Wie was Leon Beek aan wie zo’n belangrijke rol was toebedeeld? In ‘Samenzwering in Westerbork’ probeert Paul Beek de betrokkenheid van neef Leon te duiden, een man met een lange Joodse afstamming die terug reikt tot Ezechiël Yecheskel-Feibel Levie Leib Melamed die ergens tussen 1662 en 1722 is geboren. De toegevoegde achternaam Beek zou verwijzen naar een plaats, maar niet helder is welke plaats Beek – in Limburg, België of Montferland – wordt bedoeld. Leon zwijgt door de jaren heen over zijn Joodse afkomst. Waarschijnlijk doet hij dit uit angst voor discriminatie. Pas vlak voor de oorlog informeert hij zijn zoons daarover.
Quebec
Leon Beek (07 maart 1893) gaat in 1906 naar de Vierde Driejarige HBS in Amsterdam, een school – vrij modern voor die tijd – voor jongens en meisjes. In 1909 doet hij succesvol eindexamen en vindt hij werk als kantoorbediende. Na de scheiding van zijn ouders in 1911 komt hij als minderjarige onder de hoede van de welzijnsorganisatie Caritas. Kort erna meldt hij zich als vrijwilliger bij het 7de Regiment van het leger. Begin 1914 lijkt hij te willen emigreren naar Canada. Op 15 mei komt hij aan in Quebec en krijgt een betrekking als landmeter. Die duurt niet lang. Op 28 juli breekt de wereldoorlog uit, Nederland blijft daarin neutraal, maar mobiliseert wel. Beek geeft gehoor aan de mobilisatie-oproep. Met andere reservisten die in Canada verblijven reist hij naar Nederland, waar hij wordt gelegerd bij het 18de regiment Infanterie in Naarden. In december 1919 wordt hij daar als reserve Eerste Luitenant gedemobiliseerd. Hij is dan inmiddels – op 3 februari 1916 – getrouwd met Setske de Haan, beter bekend als schrijfster van de succesvolle Joop ter Heul-boeken Cissy van Marxveldt. Hij heeft haar in 1913 leren kennen toen zij beiden in pension waren in de Grensstraat in Amsterdam-Oost. Jaren later beschrijft zij in haar werk de indruk die hij – daarin Leo van Dil genaamd – op haar maakte. “Toen kwam Leo van Dil in mijn leven. En met Da Costa kon ik zingen: Kan het zijn dat de lier die sinds lang niet meer ruischte, die sinds lang tot geen harten en dichtmuziek sprak, nu opeens van verrukking en hemellust bruiste”.

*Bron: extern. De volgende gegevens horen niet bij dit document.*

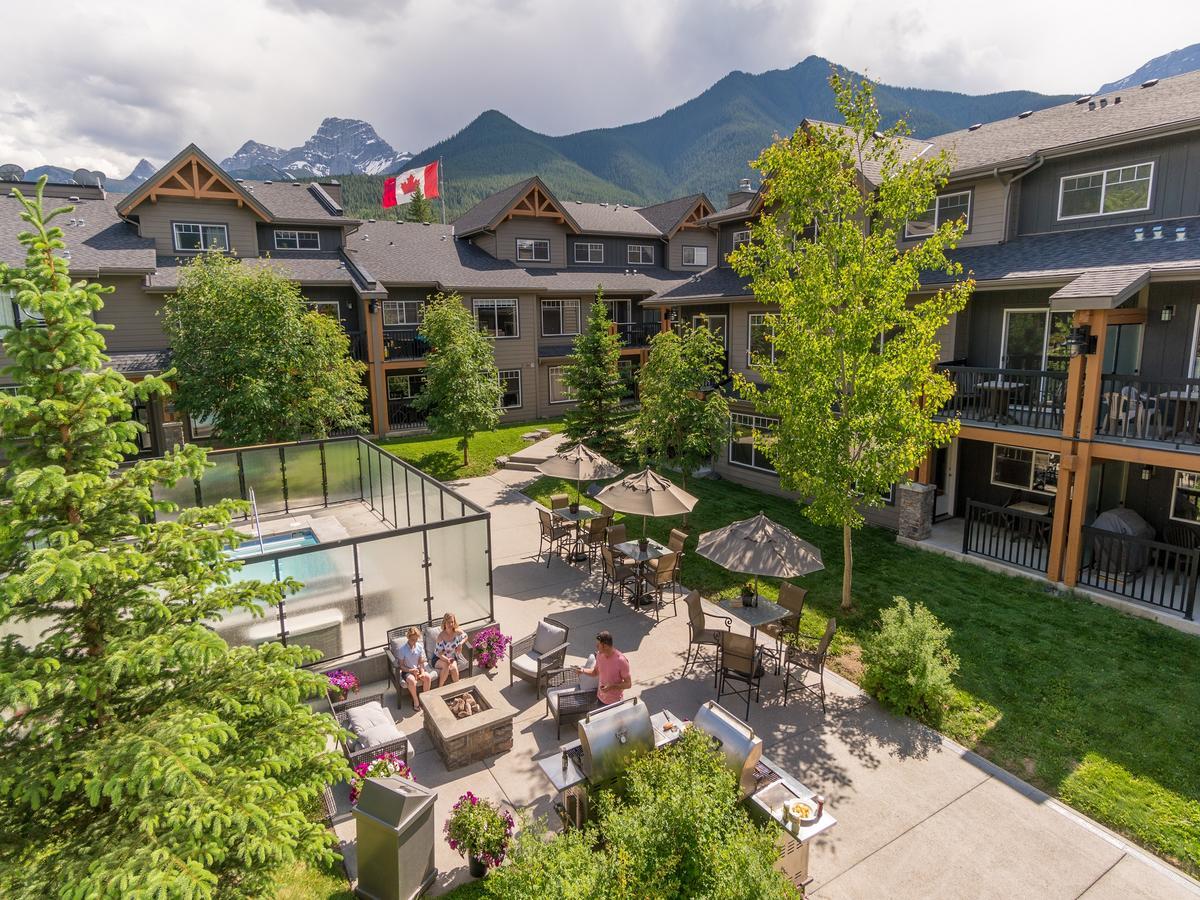 Copperstone Resort By Clique Canmore Eksteriør bilde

Het gezin Beek-De Haan heeft een aardig inkomen. Maar zelfs als hij in 1927 op de personeelsafdeling van de Bijenkorf gaat werken en daar een voor die tijd een redelijk salaris heeft van 300 gulden per maand – enkele jaren later zelfs 650 gulden – verdient zij aan haar boeken een veelvoud daarvan. Op feestjes van de personeelsvereniging De Zwerm komt hij zijn neven Nol van Wesel en Max Kannewasser tegen, die deel uitmaken van de Bijko Rhytm Stompers, maar ook zelfstandig optreden als ‘Johnny and Jones’. Dit duo maakt later furore in het gehele land en voor de radio. Eén van de medewerksters die hem 13 jaar bij de Bijenkorf heeft meegemaakt, Rachel van Amerongen-Frankfoorder, noemt hem ‘een heel lange, knappe man, ongenaakbaar hautain, het was een man die je, wanneer je hem op de gang bij de Bijenkorf tegenkwam, helemaal niet probeerde aan te kijken, want hij had zo’n, strenge uitstraling’.
Oranjehotel
Als de oorlog naderbij komt wordt hij gemobiliseerd. Na de capitulatie wordt hij bij de Bijenkorf een van de vele slachtoffers van de ariseringsgolf die dan plaatsvindt. Hoewel gemengd gehuwd weet hij daaraan niet te ontkomen. Op 21 mei 1941 krijgt hij ontslag. Wel heeft hij een ‘Sperre’ voor de Arbeidsinzet en weet hij daardoor tewerkstelling in Duitsland te voorkomen. Hij komt dan in contact met een verzetsgroep die door oud-officieren is gevormd, waarvoor hij spionageactiviteiten gaat verrichten. Door verraad wordt Beek gearresteerd, op 26 januari 1943 in zijn woning in de Jacob Obrechtstraat in Amsterdam. Hij wordt gevangen gezet in het Oranjehotel in Scheveningen. Daar is niet bekend dat hij Jood is. Hij wordt behandeld als verzetsman. Na enkele weken wordt hij als ‘strafgevangene’ overgeplaatst naar Westerbork.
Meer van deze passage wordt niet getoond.